Les autorités tentent de répondre par des opérations ciblées contre les réseaux, des saisies massives d’armes et de drogue, mais le phénomène persiste. Les experts pointent du doigt la porosité des frontières européennes pour les flux de stupéfiants, ainsi que l’arrivée de nouvelles substances synthétiques qui exacerbent les rivalités.

Vers une résolution de l’affaire ?

À ce jour, l’enquête se poursuit avec détermination. Les trois suspects principaux restent au centre des investigations, mais le silence ambiant freine les progrès. Les magistrats instructeurs espèrent que des preuves matérielles supplémentaires – traces ADN, vidéosurveillance complémentaire, écoutes – permettront de consolider le dossier.

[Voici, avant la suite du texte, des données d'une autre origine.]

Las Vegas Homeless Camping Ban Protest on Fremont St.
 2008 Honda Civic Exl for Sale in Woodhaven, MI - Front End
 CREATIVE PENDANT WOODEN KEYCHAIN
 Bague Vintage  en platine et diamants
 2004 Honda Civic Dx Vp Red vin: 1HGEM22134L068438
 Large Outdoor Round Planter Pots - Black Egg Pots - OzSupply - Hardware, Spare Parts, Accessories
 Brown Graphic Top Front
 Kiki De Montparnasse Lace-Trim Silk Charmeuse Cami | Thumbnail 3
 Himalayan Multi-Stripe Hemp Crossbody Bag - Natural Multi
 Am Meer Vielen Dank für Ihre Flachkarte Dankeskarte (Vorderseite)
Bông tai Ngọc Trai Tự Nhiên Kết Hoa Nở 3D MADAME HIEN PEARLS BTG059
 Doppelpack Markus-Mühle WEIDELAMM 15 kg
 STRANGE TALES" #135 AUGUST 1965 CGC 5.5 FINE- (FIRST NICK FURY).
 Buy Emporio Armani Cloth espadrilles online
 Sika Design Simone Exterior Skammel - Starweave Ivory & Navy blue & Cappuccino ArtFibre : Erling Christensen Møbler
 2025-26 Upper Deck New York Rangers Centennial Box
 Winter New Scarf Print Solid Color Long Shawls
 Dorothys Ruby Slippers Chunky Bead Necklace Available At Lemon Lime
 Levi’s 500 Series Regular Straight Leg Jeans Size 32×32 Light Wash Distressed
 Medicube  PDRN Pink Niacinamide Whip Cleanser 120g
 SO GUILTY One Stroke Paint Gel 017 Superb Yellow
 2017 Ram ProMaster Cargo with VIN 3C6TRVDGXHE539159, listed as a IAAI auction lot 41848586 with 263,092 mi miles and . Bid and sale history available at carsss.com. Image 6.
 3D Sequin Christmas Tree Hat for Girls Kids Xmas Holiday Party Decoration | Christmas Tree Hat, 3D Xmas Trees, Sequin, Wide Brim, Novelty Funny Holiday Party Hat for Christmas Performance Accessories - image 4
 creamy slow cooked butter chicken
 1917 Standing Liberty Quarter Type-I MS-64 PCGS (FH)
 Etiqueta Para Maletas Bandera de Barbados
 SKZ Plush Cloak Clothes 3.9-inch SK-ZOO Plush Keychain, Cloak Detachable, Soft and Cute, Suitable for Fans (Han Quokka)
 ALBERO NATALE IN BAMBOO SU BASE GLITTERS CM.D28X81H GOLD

Pour la famille de Mohand B., la quête de vérité s’ajoute au deuil. Pourquoi cet homme, qui semblait vouloir tourner la page, a-t-il été rattrapé par son passé ? Qui a commandité cet acte ? Ces questions hantent sans doute les nuits de ceux qui restent. Dans les quartiers concernés, le sentiment d’insécurité grandit, et la peur que d’autres drames similaires se produisent reste palpable.

Ce meurtre, au-delà de son caractère sordide, interroge sur la capacité de la société à protéger ses membres les plus vulnérables, notamment les enfants innocents pris dans des cycles de violence qu’ils n’ont pas choisis. L’avenir dira si la justice parviendra à percer le voile du mystère qui entoure encore cette exécution glaçante.

Les faits relatés ici reposent sur les éléments connus publiquement à ce stade. L’enquête est en cours et la présomption d’innocence s’applique aux personnes mises en cause.

Ce drame de Nanterre reste gravé dans les mémoires comme un rappel brutal que le passé peut parfois ressurgir de la manière la plus tragique qui soit, laissant derrière lui des vies brisées et un enfant marqué à jamais. Les mois passent, mais l’ombre de ce parking souterrain continue de planer sur une enquête qui peine à livrer tous ses secrets, tandis que la société observe, impuissante, les ravages d’une violence qui semble ne jamais s’arrêter.